In Jean-Luc Godard's Bande à part (1964) Anna Karina dances the Madison with Danielle Girard and Sami Frey (see the still below). I may be biased (she was my First Great Crush), but I reckon this is unquestionably the best dance scene in cinema. Was there ever a cooler, sexier film star than Anna Karina? Take a look before you read this blog and ask yourself - wouldn't you rather be there, in that smoky bar with an intermittent jukebox, than wherever you are right now?

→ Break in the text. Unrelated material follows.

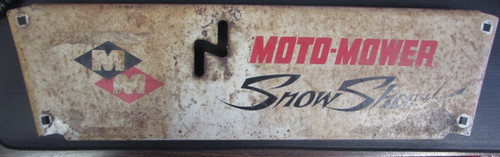 Vintage moto mower - -, moto-mower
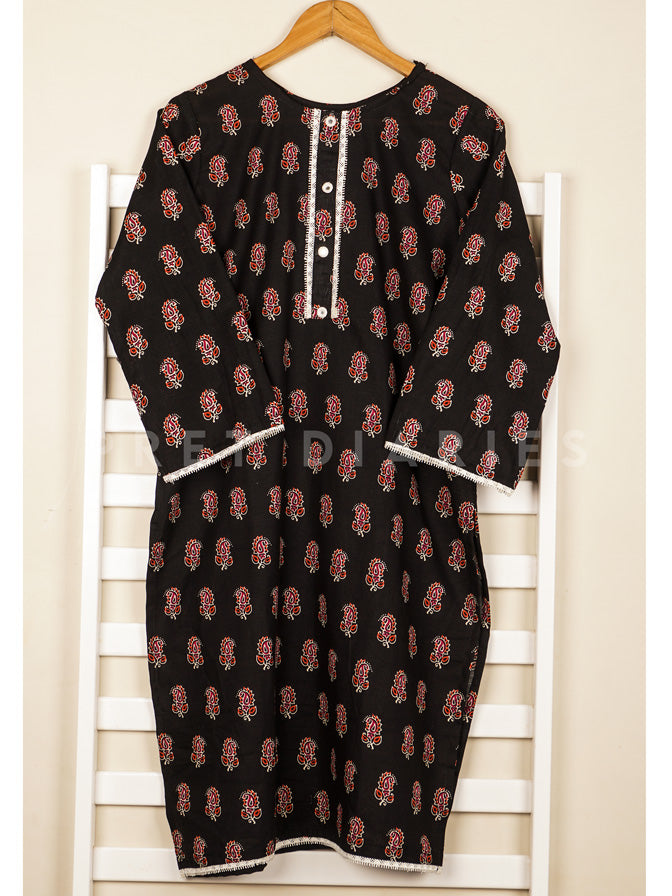 Black Khaddar 2 pc - 54840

She will, improbably, be 73 later this month. She was Godard's muse, in the days when directors had muses and films were made by and for grown-ups. She was also his wife for five tumultuous years. Think of their collaborations - Le petit soldat and Une femme est une femme (both 1960), Vivre sa vie (1962), Alphaville and Pierrot le fou (both 1965) and Made in U.S.A. (1966) - that's quite a haul.
Yet in 1962 and at the height of her fame she also appeared alongside Bob Monkhouse and Hattie Jacques in She'll Have to Go, a witless British farce that I've never seen and hope I never will. She survived the indignity and, following her divorce from Godard, went on to work with some heavyweight directors - Jacques Rivette, Luchino Visconti, George Cukor and Tony Richardson and Rainer Werner Fassbinder's (Chinese Roulette, 1976). But the Godard films are her most coherent and cherishable legacy, proof of how good things can be when the right people work together.
I don't intend to brood on the lamentable decline in film since the glory days of the nouvelle vague and the pitifully homogenised quality of today's actresses. Gwyneth Paltrow? You must be joking.